Contents > Using the Sequencer Window > Command Sequence Efficiency
Command Sequence Efficiency

Some Commands take longer to run than others. Obviously, you want your Command Sequences to be as quick as possible in your game so you need to make sure you are being efficient. Also, long Command Sequences might timeout and not be completed.

The Commands you want to avoid using as much as you can are Get Data and Set Data. These take the longest as they are reading and writing data from/to the database. Also, the Time Diff Command can take some time as we use an extension for this which needs to be initialized. And obviously, if used incorrectly the worst of them all is the For Command, especially if it contains some longer Commands or is having to do a huge number of iterations.
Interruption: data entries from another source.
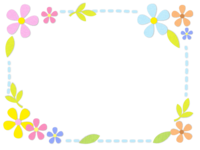 フェルトの花の水色点線フレーム飾り枠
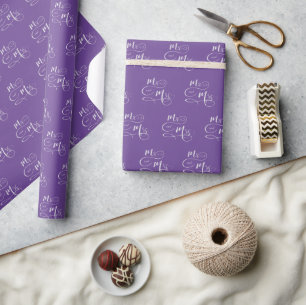 Herr und Frau Text für die Hochzeit auf Lila Geschenkpapier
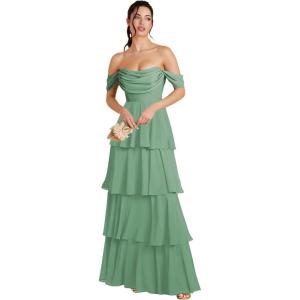 imageOff Shoulder Chiffon Bridesmaid Dresses Long for Women Tiered Ruffles A Line Formal Evening DressEucalyptus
In a sequence, if you need to use a Command, sometimes the only option is to use it. If this is the case then you should think about limiting the number of times it is run. 'If' Commands are useful for this. For example, if you are iterating down the rows of a database and getting usernames and passwords to log in a user, you might have two Get Data Commands one after the other. This is bad because, both will be run in each iteration when they don't need to be. Instead you should have the Get Data Command for the username, then check the username with an If Command and inside the If Command have the second Get Data Command to get the password. This means the second Get Data Command will only be run once for the row with the correct username, rather than every single row.

If, String Ops and Float Ops Commands, are generally quite quick to run. So, sometimes you might be able to replace other Commands by these. For example, you have a Time Diff Command getting a time difference in minutes, then another Time Diff Command getting exactly the same time difference in seconds. It would be much more efficient to use a Float Ops Command instead of the second Time Diff Command. You can simply multiply the first result by 60 to achieve the same result of the second Time Diff Command.